2. Maîtriser les activités et compétences critiques

Une fois ce travail de cartographie réalisé, chaque service concerné propose un plan d’action de décriticisation dans un cadre fournit par la direction générale. Ce cadre est doté de critères d’appréciation qui comprennent au moins trois dimensions :

1-L’analyse du risque

Chaque activité critique identifiée pourra être classée sur une échelle de criticité en fonction de la probabilité pour le risque identifié d’advenir et ses conséquences sur l’entreprise. Le risque est déterminé selon une échelle qui va de « négligeable » (peu ou pas d’impact sur l’activité), à « catastrophique » qui traduit l’état d’un secteur de l’entreprise qui n’a plus été capable de fonctionner.

L’appréciation du risque et de sa nature intègre les trois grands domaines de l’excellence opérationnelle qui sont le respect de la qualité, le respect des délais et la maîtrise des coûts. La probabilité est également estimée sur une échelle allant de « extrêmement improbable » à « pratiquement certain ». Chacune des activités critiques est analysée et des solutions innovantes sont développées en vue de leur décriticisation. L’objectif est de rendre l’activité moins critique pour l’entreprise. 

2- Les conséquences financières

Le plan d’action inclut une analyse financière complète qui comprend les coûts de l’action de décriticisation proposée. Pour chaque activité de décriticisation un rapport coûts/avantages et un calcul de retour sur investissement sont établis. À l’issue de ce travail la direction générale dispose d’une vue d’ensemble non seulement des risques opérationnels qu’elle doit gérer, mais également de l’ensemble des actions possibles à mettre en œuvre et d’un budget d’investissement action par action.

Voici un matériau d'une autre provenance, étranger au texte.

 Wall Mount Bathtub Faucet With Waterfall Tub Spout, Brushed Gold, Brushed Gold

3. La capacité de l’entreprise nécessitera peut-être de nouveaux réseaux de compétences

Après la crise, repartir « comme avant » serait se condamner à revivre les mêmes difficultés lorsqu’adviendra la prochaine crise, et soyez-en certain, elle adviendra. Une crise est également porteuse d’opportunités. Le but est de les identifier pour que l’entreprise se relève plus forte. Mettre en œuvre le plan de décriticisation des activités clefs de l’entreprise en fait partie. Il y a cependant une autre opportunité extraordinaire à saisir : La construction de nouveaux réseaux de compétences et de collaboration.

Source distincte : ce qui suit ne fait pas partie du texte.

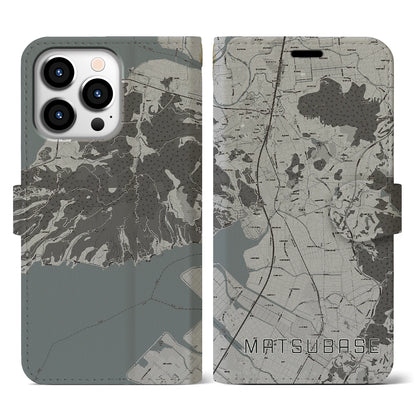【松橋（熊本県）】地図柄iPhoneケース（手帳タイプ）モノトーン・iPhone 13 Pro 用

Sur le modèle du Mittelstand allemand, ces cartographies de compétences critiques pourront se partager entre entreprises au sein des bassins économiques, des régions, des cantons. Les compétences dont ont besoin les entreprises d’une même région, et qui seraient trop onéreuses à mettre en œuvre pour chacune d’entre elles, pourraient être partagées dans des centres d’apprentissage et de production communs. Des partenariats pourraient voir le jour entre entreprises ayant des besoins similaires.

De nouveaux réseaux économiques pourraient voir le jour et donner naissance à une nouvelle économie, une économie du savoir local, en connexion intime avec le tissu économique. De la crise pourrait renaitre une nouvelle économie, riche d’emplois qualifiés, consolidant les entreprises existantes et créatrice de valeur.

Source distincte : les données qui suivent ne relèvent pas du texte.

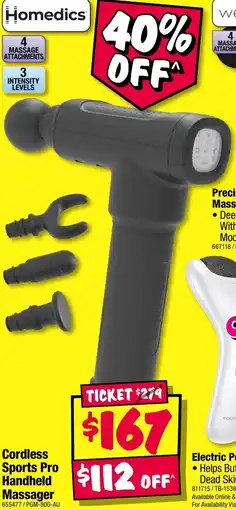 JB Hi-Fi Cordless Sports Pro Handheld Massager offer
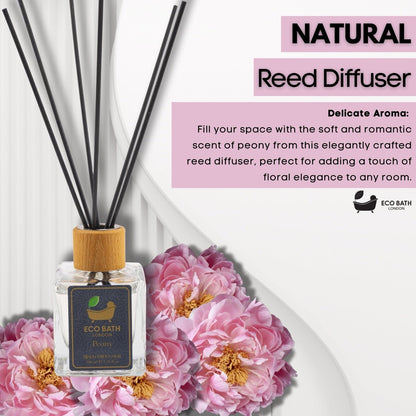 Eco Bath London Peony Reed Diffuser - Beautiful Bouquet of Peonies Fragrance, Intensive, Fresh & Long Lasting Room Diffuser, 100ml (3.38 Fl.Oz)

L’approche proposée qui se concentre au départ sur l’analyse des activités critiques de l’entreprise présente de nombreuses vertus. Elle permet de rendre l’entreprise plus forte, elle donne à la direction une vision claire de faiblesses et opportunités, elle ouvre de nouveaux champs commerciaux. Combinées à l’échelle du bassin économique local, ces analyses mettent en reliefs les besoins partagés en ressources, en talents, en technologies. Ces besoins partagés peuvent devenir la source d’une nouvelle économie régionale, en mutualisant les sources d’avantages concurrentiels des entreprises qui la compose.